If I have 5 sets of 50 observations each, I am able to run my experiment nicely by setting shape=5 in my prior for m and then making sure my observations and any other inputs are a 50 x 5 array. I then get 5 posteriors output with expected distributions.

However I am completely stumped for how to do this if I have say, 44 input/observations pairs in one set, 35 in another, 51 in another and so on. I have read about theano.shared which seems like it could have use in this situation for neatly repeating an experiment with the same model but with different data, but also wondered if there are other datatypes e.g. a list of lists that could be used in ‘observed=…’ to run the experiment in a single loop?

My working 50x5 array version is below, where probs_array and outcomes array are both 50x5 arrays. Any help on how to adapt this to the variable size data sets would be much appreciated?

mcmc_model = pm.Model()
with mcmc_model:
    #prior
    m = pm.Uniform('m',lower=-2,upper=2, shape=5)
    
    prob = probs_array + m
    
    #liklihood function
    outcome = pm.Bernoulli('outcomes',p=prob,observed=outcomes_array)    
    
#-----NUTS sampler------------
with mcmc_model:
    trace = pm.sample(5000, cores=1, chains=2, tune=1000)

Just reshape everything to be 1d arrays and use indexing to identify which “observation set” the observation applies to.

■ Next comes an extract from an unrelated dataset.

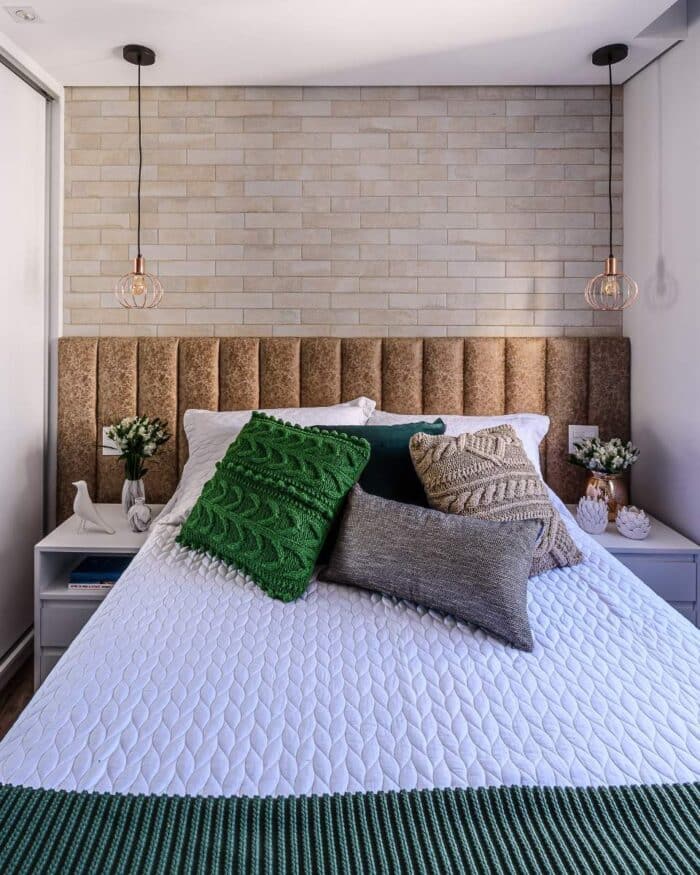 decoração quarto casal apartamento pequeno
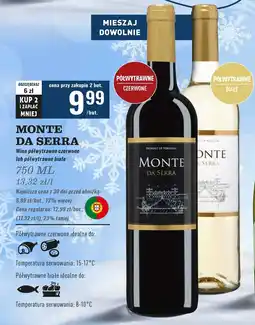 Biedronka Wino półwytrawne Monte Da Serra oferta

However I am completely stumped for how to do this if I have say, 44 input/observations pairs in one set, 35 in another, 51 in another and so on

Create an 1D integer array that has 44 0s, 35 1s, 51 2s, and so on:

Something like:
ix = np.concatenate([np.zeros(44), np.ones(35), np.repeat(2, 51)])

with mcmc_model:
    #prior
    m = pm.Uniform('m',lower=-2,upper=2, shape=5)
    
    prob = probs_array + m[ix]  # probs_array should be 1-D, same shape as ix
    
    # likelihood function
    # outcomes_array should be 1-D, same shape as ix and probs_array
    outcome = pm.Bernoulli('outcomes',p=prob,observed=outcomes_array)
3 Likes

Thanks very much - exactly what I’m after.